The kayakers, river workers and landowners appreciate the guidance that has been provided by the DNR Natural Rivers program staff. Having quality information and knowledge of the ground rules truly reduces misunderstanding and improves collaboration along the river corridor. The DNR staff has received a number of responses to the informational letter and the zoning standards that was recently sent to landowners. They are happy to report that the outreach effort is making a difference.

The White River Kayaking Coalition used best practices when developing the White River water trail from White Cloud down to Hesperia. Those that have made the paddle have noticed that they stayed well below the recommended path width. In many cases, the trail is a narrow squeeze with short turns. Again, it is by its very nature, a trail for kayakers, and will severely limit or prohibit other watercraft use.

We humans often take a myopic view of the world we live in and only think about what is in front of us.

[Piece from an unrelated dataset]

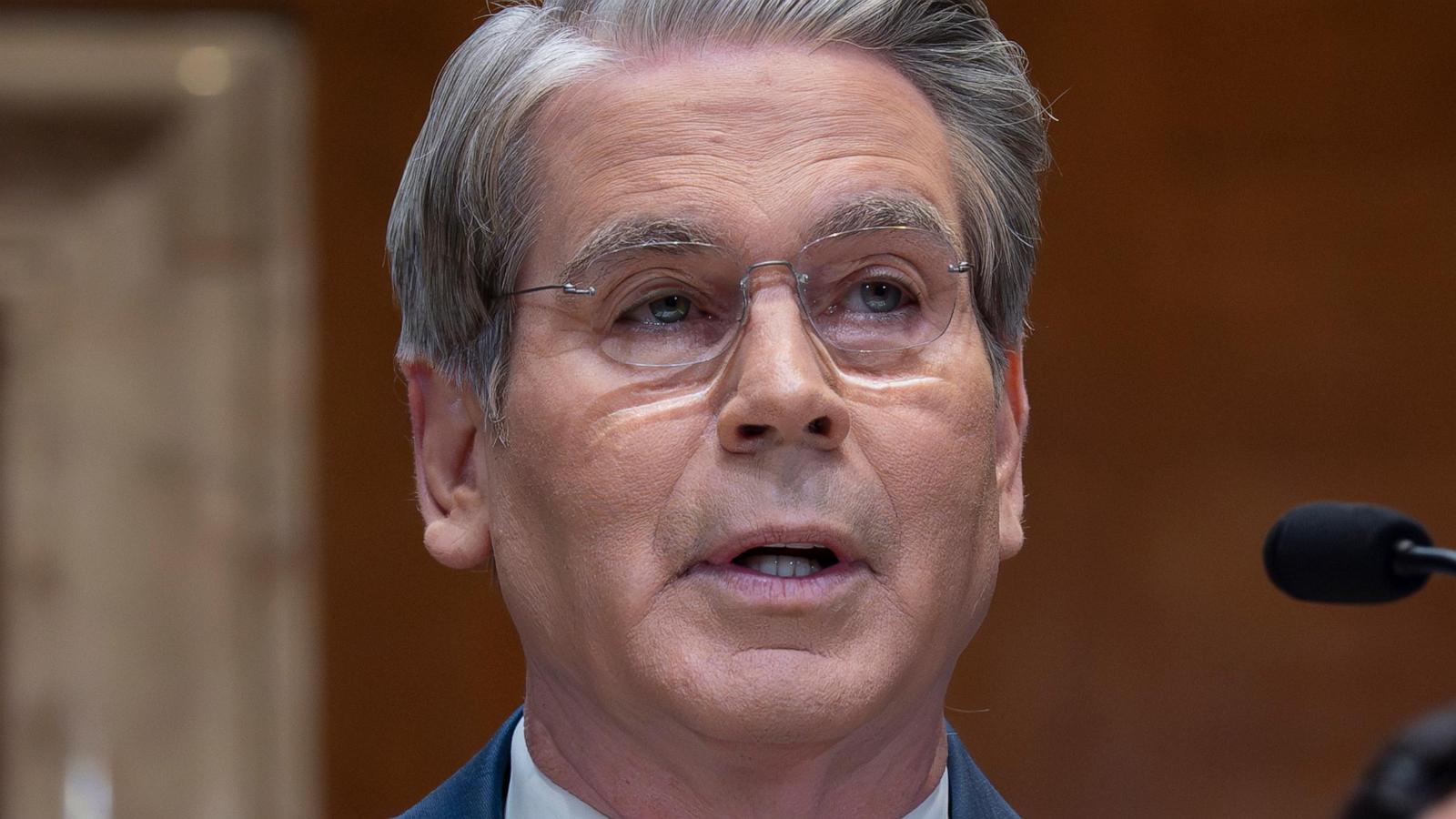 US won’t renew Iranian and Russian oil waivers, Bessent says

The White River is a perfect example of this characteristic at work. After attending various committee meetings, getting permits, and having endless conversations with landowners, representative of various agencies, municipal residents and recreational users about the river, it is apparent that very few people consider the complete river in their deliberations. It is understandable because the river is not like a lake that stays in one place. It is somewhat linear and it starts here and goes there beyond property boundaries, city, township or county lines and jurisdictional districts and agency areas of responsibility. The river goes on, crosses all those lines while turning a bend here and there and is soon out of sight and often out of mind.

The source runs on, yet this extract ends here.